Former Trump adviser Navarro charged with contempt of Congress in Jan 6 probe


Former top Trump White House aide Peter Navarro has been indicted by a grand jury on two counts of contempt of Congress, according to court documents.

“While today’s indictment of Peter Navarro was the correct decision by the Justice Department, we find the decision to reward Mark Meadows and Dan Scavino for their continued attack on the rule of law puzzling. Mr. Meadows and Mr. Scavino unquestionably have relevant knowledge about President Trump’s role in the efforts to overturn the 2020 election and the events of January 6th,” said select committee Chairman Bennie G. Thompson, a Democrat from Mississippi, and Vice Chair Liz Cheney, a Wyoming Republican, in a statement.

Navarro’s contempt indictment stems from the former top trade official’s refusal to comply with a subpoena from the House select committee investigating the assault on the Capitol that took place on Jan. 6, 2021. Navarro said earlier this week that he had received a subpoena from the top federal prosecutor in Washington, D.C., to testify before a grand jury and to turn over records related to the Capitol assault.

Navarro, 72, made his first appearance in federal court Friday afternoon, after the indictment was unsealed Friday. He said he’d represent himself to avoid expensive legal fees and was joined by a court-appointed attorney for assistance.

He showed anger at prosecutors during the hearing, calling them “despicable” and alleging prosecutorial misconduct.

Navarro claimed he had told prosecutors to contact a lawyer on Wednesday, seeming to indicate a willingness to cooperate with them, but he was instead taken into custody at the airport, where he planned to board a flight to Nashville for a TV appearance. The government, he said, was playing “hardball” and was pursuing a “bad faith projection.”

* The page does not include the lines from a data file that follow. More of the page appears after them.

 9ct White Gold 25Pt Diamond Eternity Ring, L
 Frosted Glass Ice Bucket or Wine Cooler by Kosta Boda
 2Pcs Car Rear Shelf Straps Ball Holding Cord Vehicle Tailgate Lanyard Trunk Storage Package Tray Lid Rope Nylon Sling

He asked that his lawsuit against the Jan. 6 select committee and Justice Department, which was filed this week, be litigated before his criminal charges move forward, and he complained that the timing of his case “flies in the face of good faith and due process. He said he’s caught between two constitutional interpretations of executive privilege.

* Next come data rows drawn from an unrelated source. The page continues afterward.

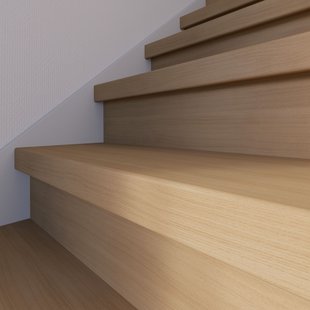 Cando Traprenovatie Overzettrede - Beige Eiken - Laminaat - 100x30cm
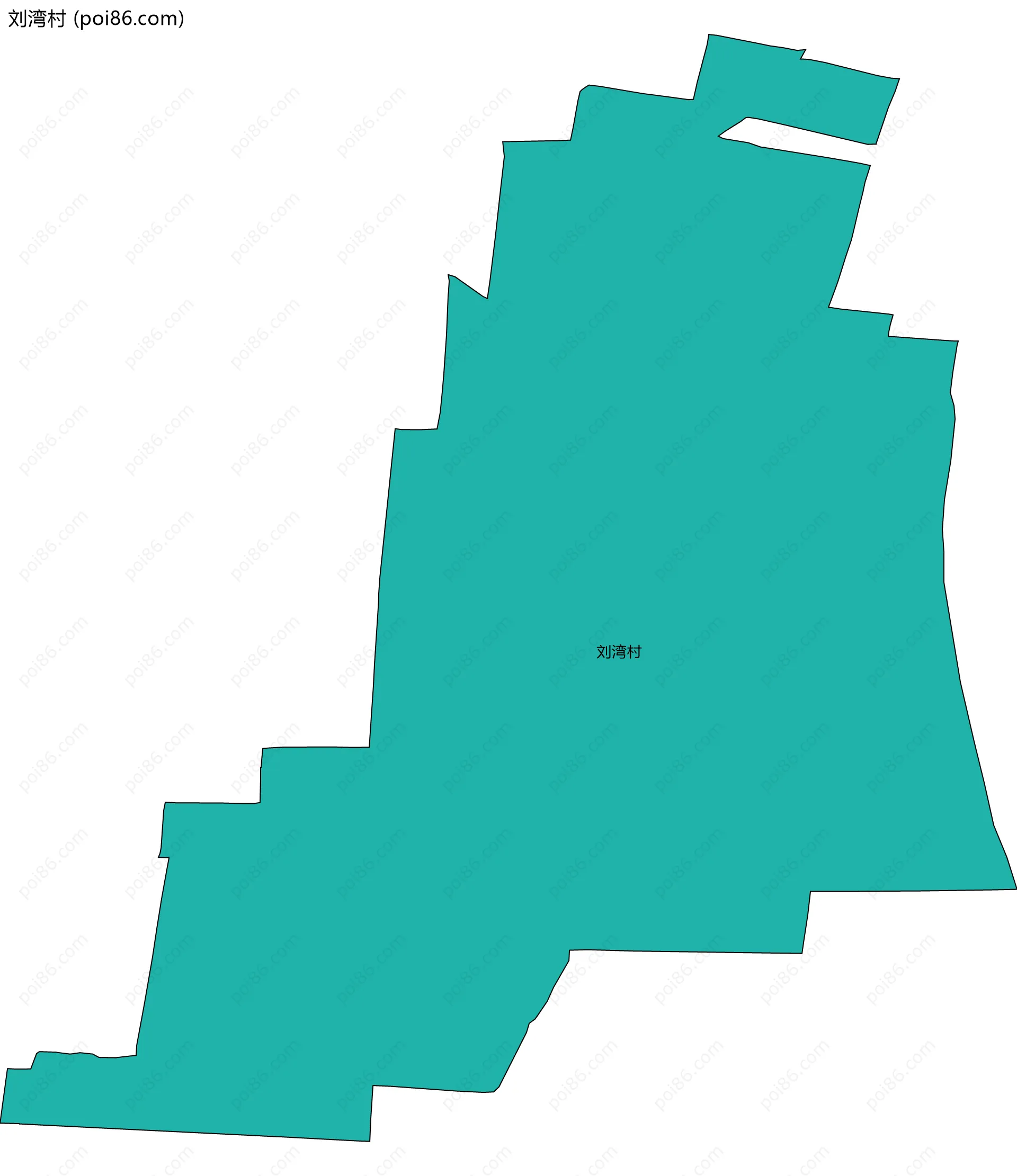 刘湾村边界地图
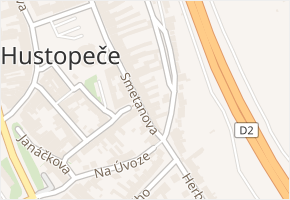 Smetanova v obci Hustopeče - mapa ulice
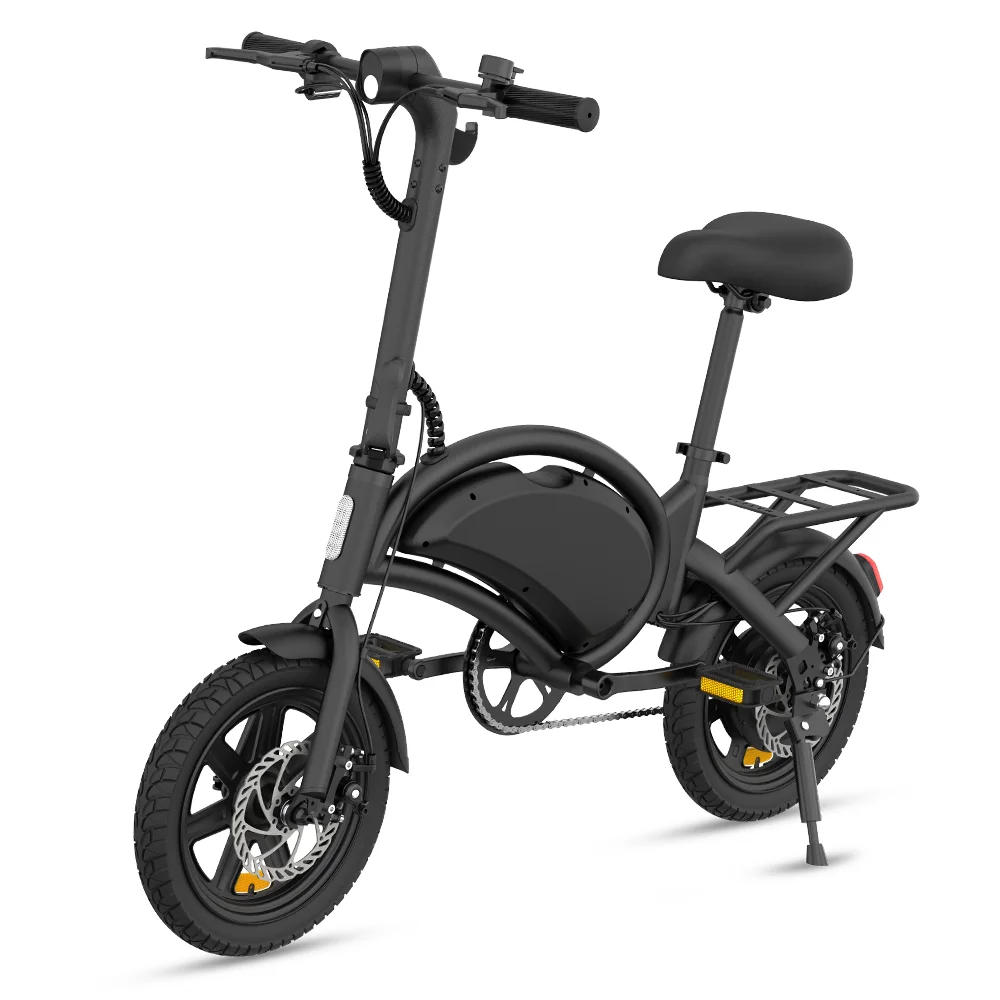 【1 Year Warranty】DYU D3F Electric Bicycle Peak 500W Motor 36V7.8AH Lithium Battery Electric Bike,20mph city E-bike UL2849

Navarro called the Jan. 6 committee a “sham” and, pointing at prosecutors, asked, “who are these people? This is not America.”

“The behavior of these people is unconscionable,” he added.

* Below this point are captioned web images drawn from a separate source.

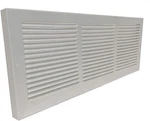 White Baseboard Return Grill With 7/8" Back (16" X Duct Opening/ 17.25". Fixed Price $34.93.
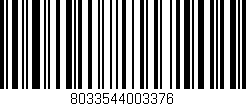 Código de barras (EAN, GTIN, SKU, ISBN): '8033544003376'
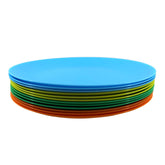 AOYITE plastic dinner plates multicolor set for cheerful family meals and gatherings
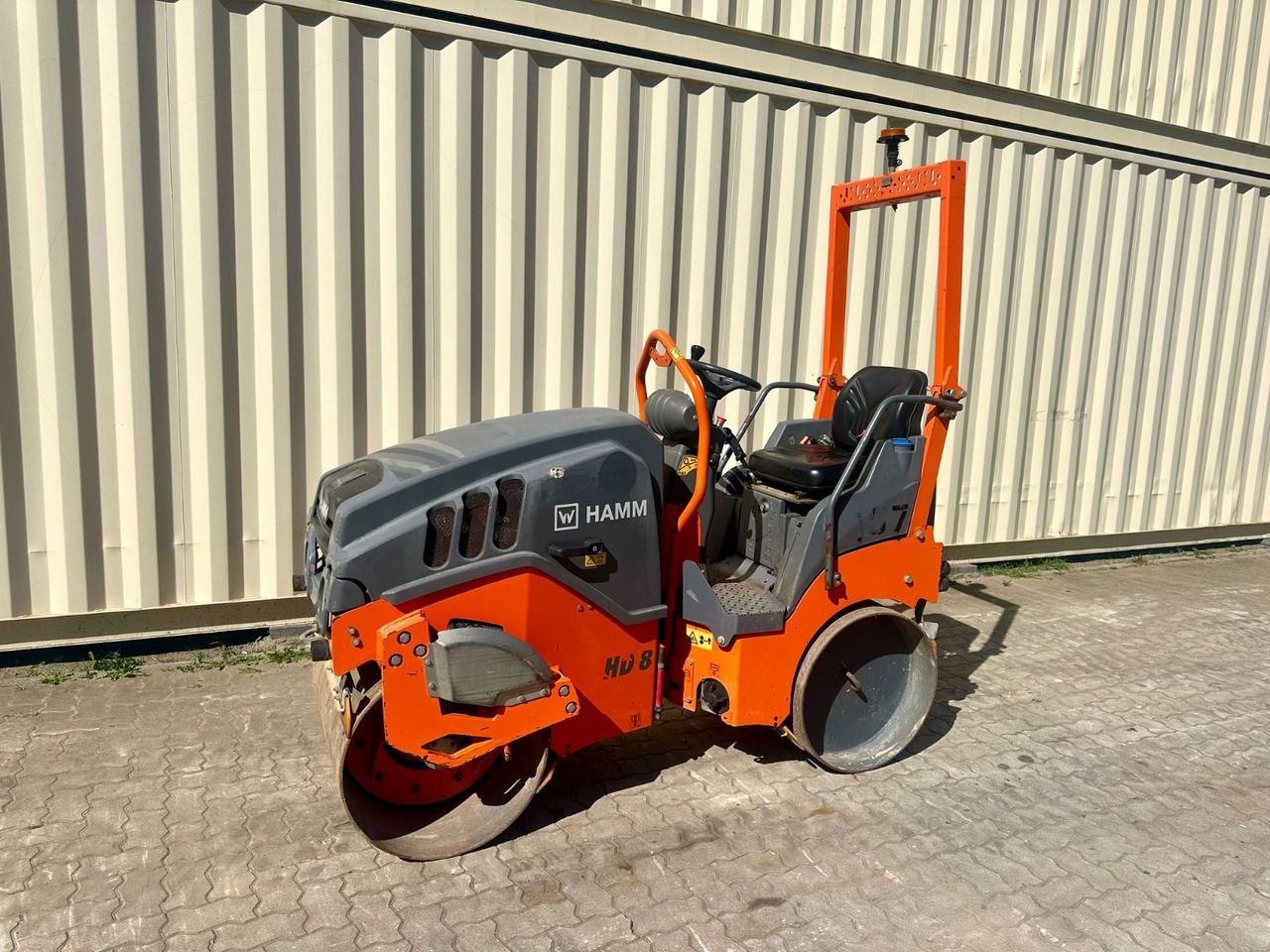 Hamm HD8VV / 2019 BJ / 512 H / 1.580 KG - Kleine Walze: das Bild 1 Hamm HD8VV / 2019 BJ / 512 H / 1.580 KG - Kleine Walze: das Bild 1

The government did not ask for Navarro’s detention, so he will be released. He will not be allowed to carry a gun, but he successfully argued that he should be able to retain his passport.

The select committee issued a subpoena to Navarro in February, requiring him to produce documents and appear before the committee in March, but Navarro declined to do either.

One count applies to his refusal to turn over documents, and the other count applies to his refusal to appear to testify. If convicted, each count of contempt of Congress would mean a minimum 30-day jail sentence for Navarro, as well as a fine of up to $100,000, according to the Justice Department.

Another former top adviser to Trump, Steven Bannon, was also indicted last year on contempt of Congress charges.